*** Block opens ***

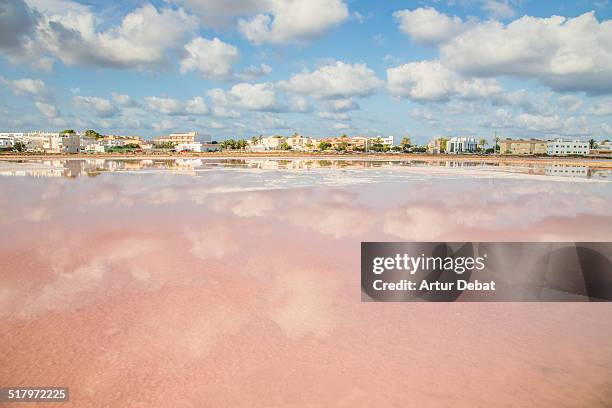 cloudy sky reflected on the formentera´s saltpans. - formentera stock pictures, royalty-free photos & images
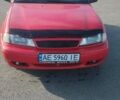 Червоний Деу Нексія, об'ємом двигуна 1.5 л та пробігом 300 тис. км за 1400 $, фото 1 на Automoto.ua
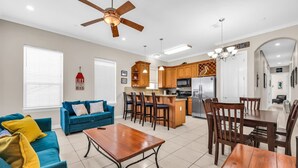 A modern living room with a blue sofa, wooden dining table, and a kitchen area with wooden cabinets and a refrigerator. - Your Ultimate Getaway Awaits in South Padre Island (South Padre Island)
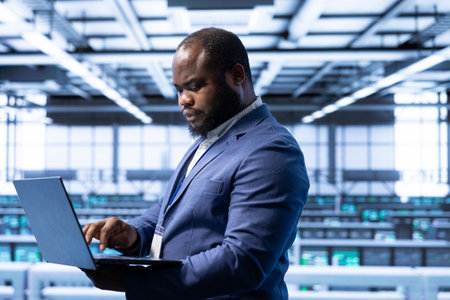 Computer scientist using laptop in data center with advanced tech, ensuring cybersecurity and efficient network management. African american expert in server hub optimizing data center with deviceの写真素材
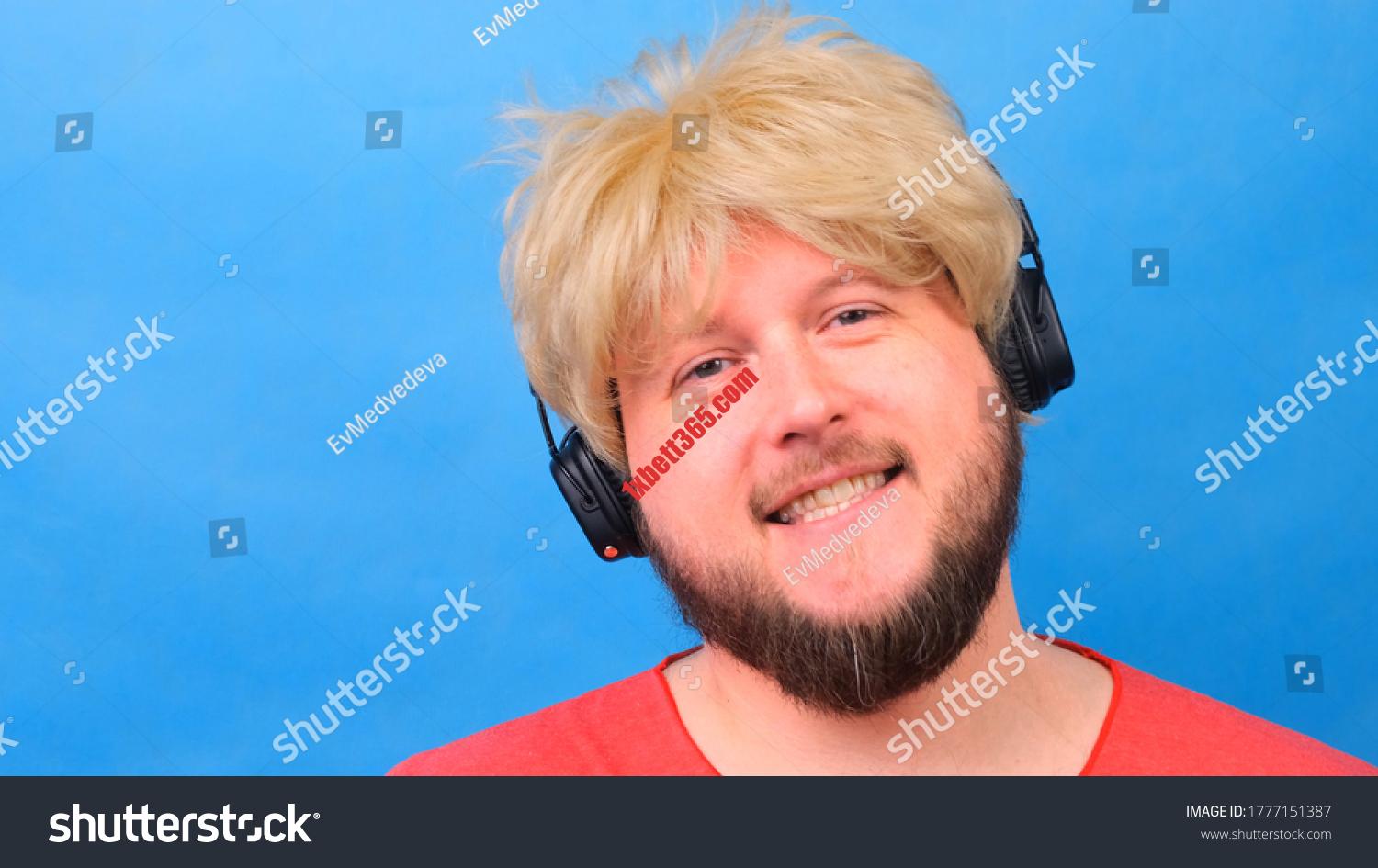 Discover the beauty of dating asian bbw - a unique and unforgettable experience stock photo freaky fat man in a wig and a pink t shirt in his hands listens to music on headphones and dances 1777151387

*** Block closes ***

### [Problem requirements]
For this exercise, transcribe exactly only the lines from the one containing "Червоний Деу Нексія, об'ємом" through the end of the listing, inclusive, without the pictures.

### [Response to this task]
 Червоний Деу Нексія, об'ємом двигуна 1.5 л та пробігом 300 тис. км за 1400 $, фото 1 на Automoto.ua
 A modern living room with a blue sofa, wooden dining table, and a kitchen area with wooden cabinets and a refrigerator. - Your Ultimate Getaway Awaits in South Padre Island (South Padre Island)
 Computer scientist using laptop in data center with advanced tech, ensuring cybersecurity and efficient network management. African american expert in server hub optimizing data center with deviceの写真素材
 Discover the beauty of dating asian bbw - a unique and unforgettable experience stock photo freaky fat man in a wig and a pink t shirt in his hands listens to music on headphones and dances 1777151387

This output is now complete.